◆ **Exercise instructions**:
Given the material below, return only the lines starting at the line with "Christmas Greetings Cheater" and ending at the line with "Voilet woven art silk saree with blouse 1", exactly as they appear.

◆ **Available data**:
● ● ● ● ●
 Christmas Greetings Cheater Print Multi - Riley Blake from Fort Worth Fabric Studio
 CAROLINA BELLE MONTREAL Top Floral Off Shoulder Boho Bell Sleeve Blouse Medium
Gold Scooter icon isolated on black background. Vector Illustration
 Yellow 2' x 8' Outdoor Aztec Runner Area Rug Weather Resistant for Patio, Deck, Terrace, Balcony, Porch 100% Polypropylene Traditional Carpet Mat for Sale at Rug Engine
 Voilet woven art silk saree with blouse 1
● ● ● ● ●
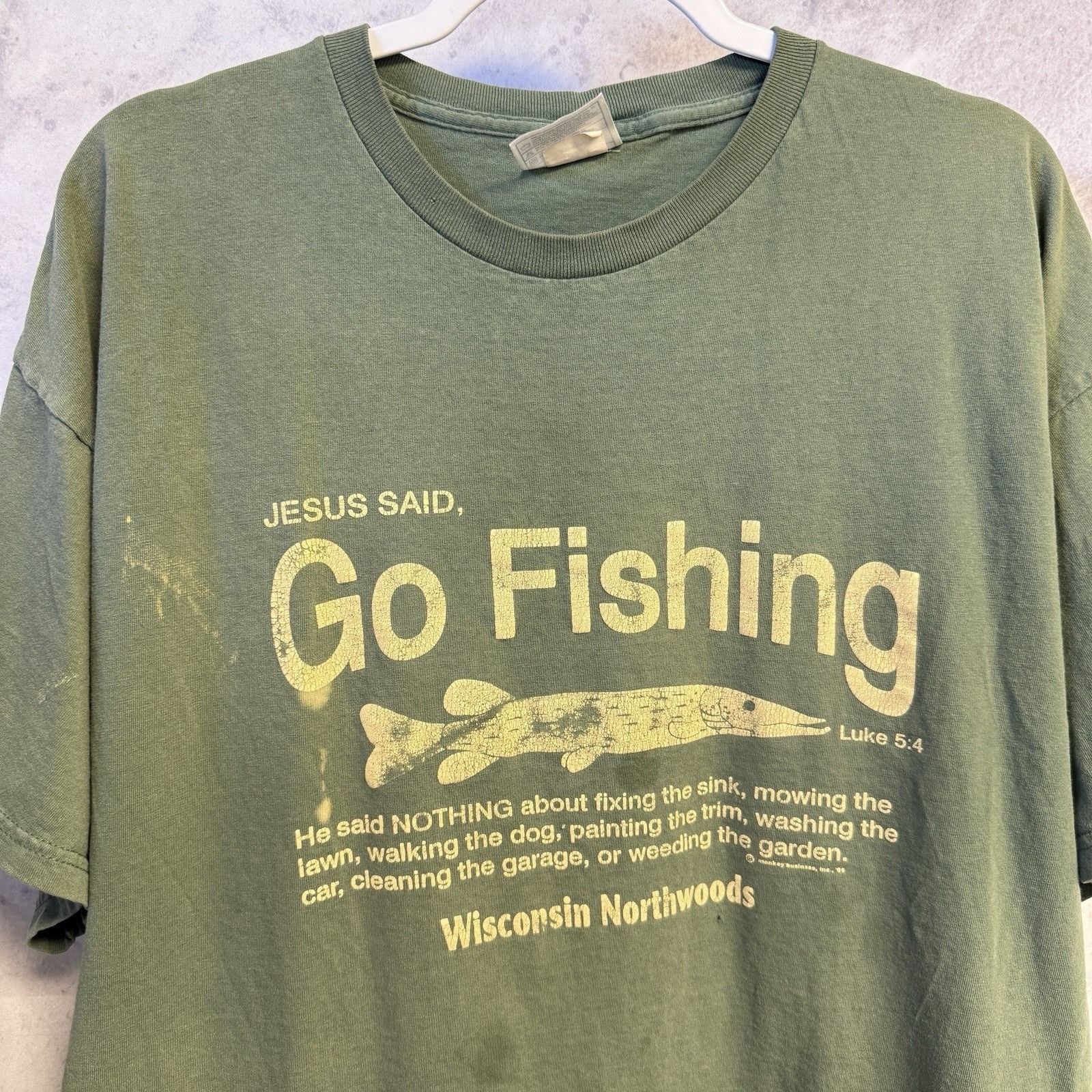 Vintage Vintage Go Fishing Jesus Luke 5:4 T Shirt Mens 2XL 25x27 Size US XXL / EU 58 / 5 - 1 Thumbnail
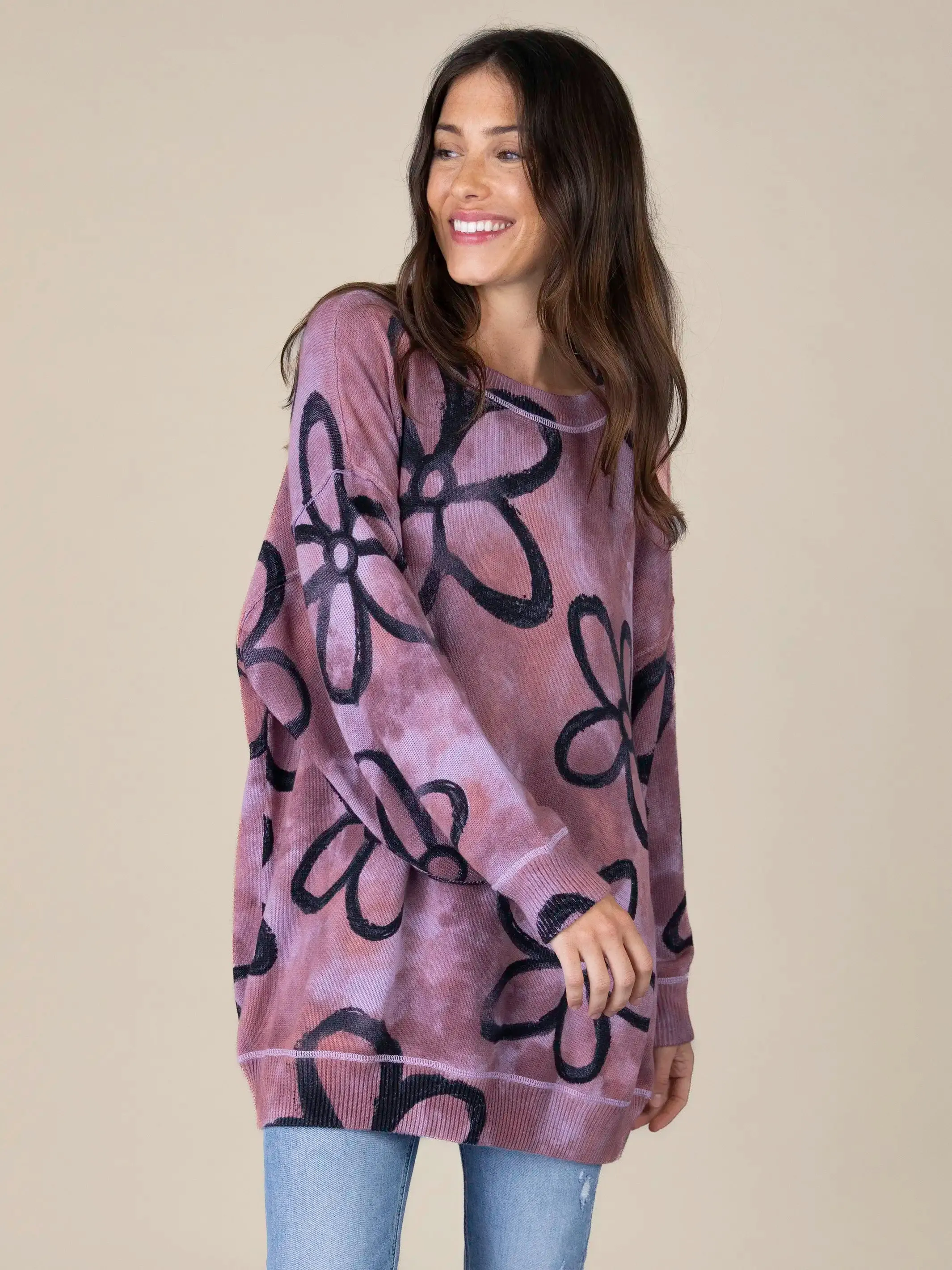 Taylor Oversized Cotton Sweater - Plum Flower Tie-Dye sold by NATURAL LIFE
● ● ● ● ●
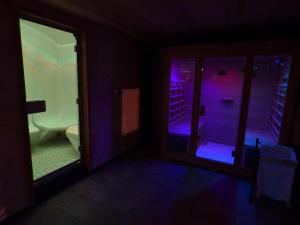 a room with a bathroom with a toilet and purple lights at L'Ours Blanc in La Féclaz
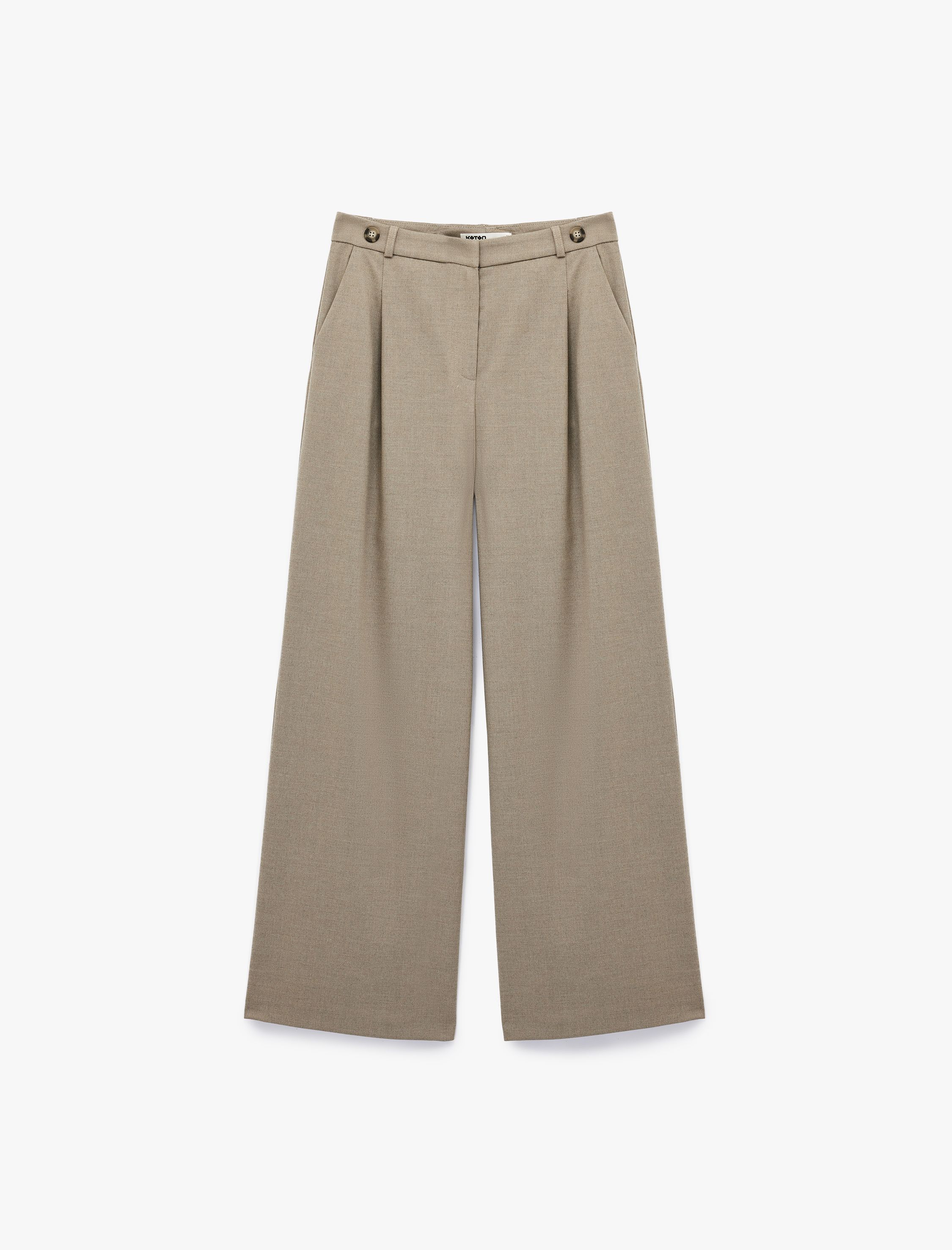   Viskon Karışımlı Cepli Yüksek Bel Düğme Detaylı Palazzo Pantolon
● ● ● ● ●
◆ **Output below**:
 Christmas Greetings Cheater Print Multi - Riley Blake from Fort Worth Fabric Studio
 CAROLINA BELLE MONTREAL Top Floral Off Shoulder Boho Bell Sleeve Blouse Medium
Gold Scooter icon isolated on black background. Vector Illustration
 Yellow 2' x 8' Outdoor Aztec Runner Area Rug Weather Resistant for Patio, Deck, Terrace, Balcony, Porch 100% Polypropylene Traditional Carpet Mat for Sale at Rug Engine
 Voilet woven art silk saree with blouse 1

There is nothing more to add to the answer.